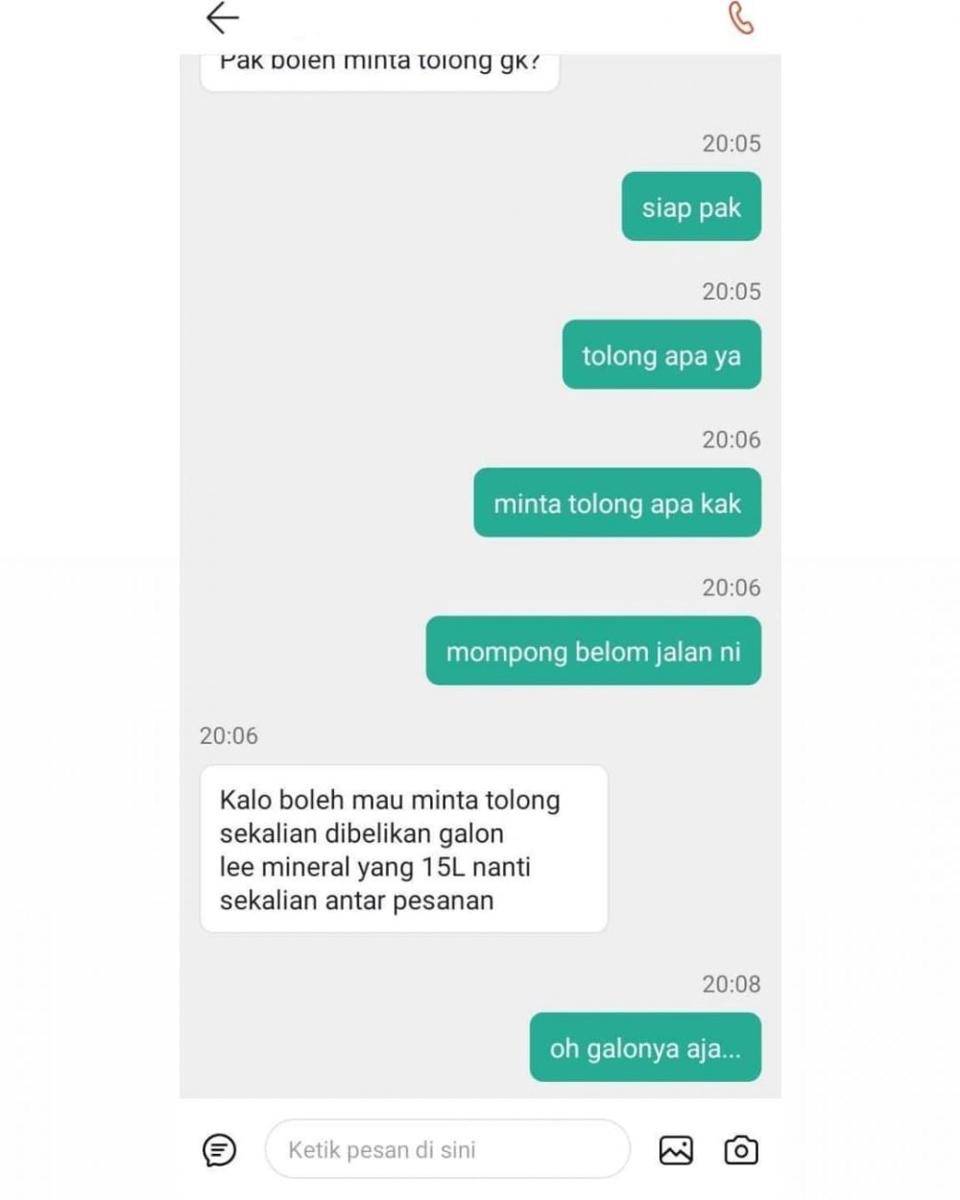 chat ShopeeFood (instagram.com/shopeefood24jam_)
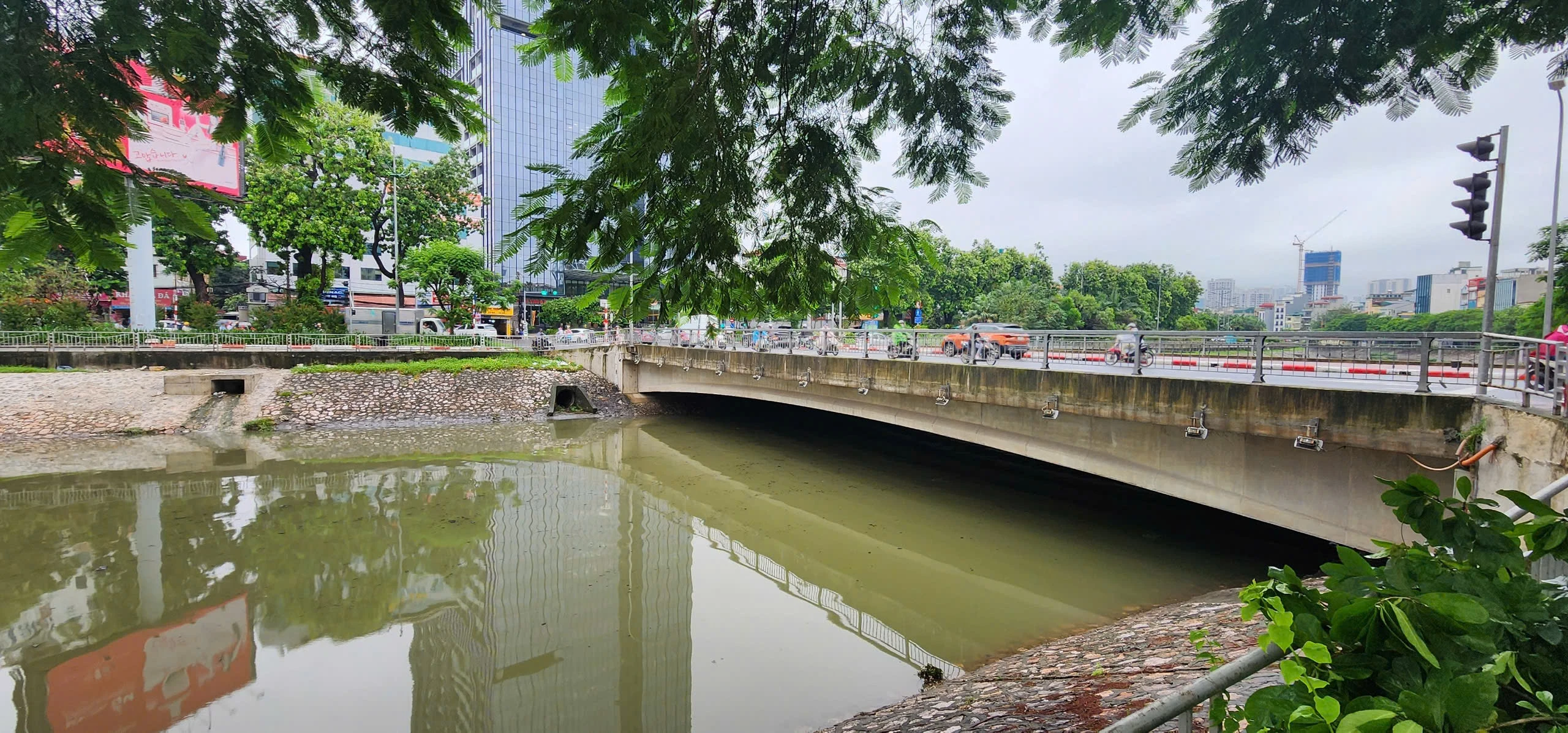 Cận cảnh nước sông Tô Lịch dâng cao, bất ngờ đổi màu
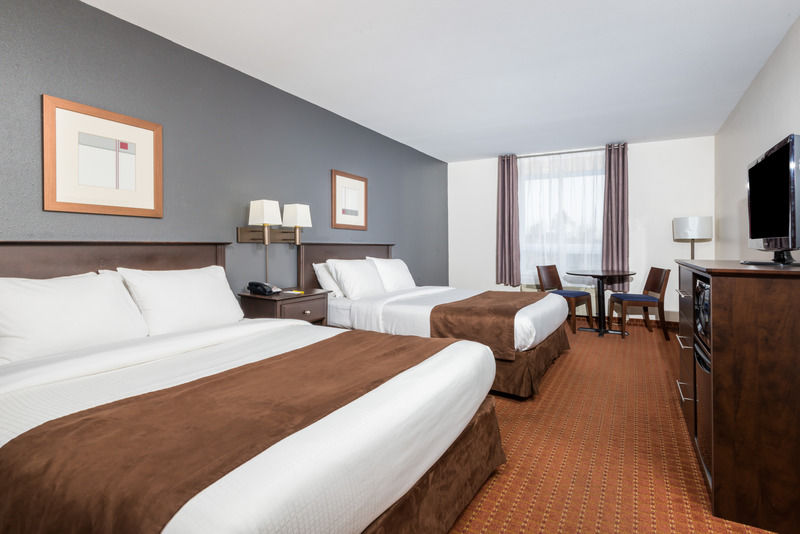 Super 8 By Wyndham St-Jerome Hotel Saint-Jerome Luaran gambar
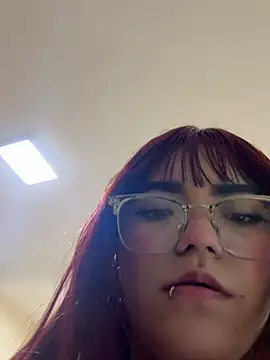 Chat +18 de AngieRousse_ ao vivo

========

EXERCISE DESCRIPTION:
Could you write out verbatim only those lines that run from the line containing "Super 8 By Wyndham" through the end of the listing above, both included, without the pictures?

TASK RESPONSE:
 Super 8 By Wyndham St-Jerome Hotel Saint-Jerome Luaran gambar
 Chat +18 de AngieRousse_ ao vivo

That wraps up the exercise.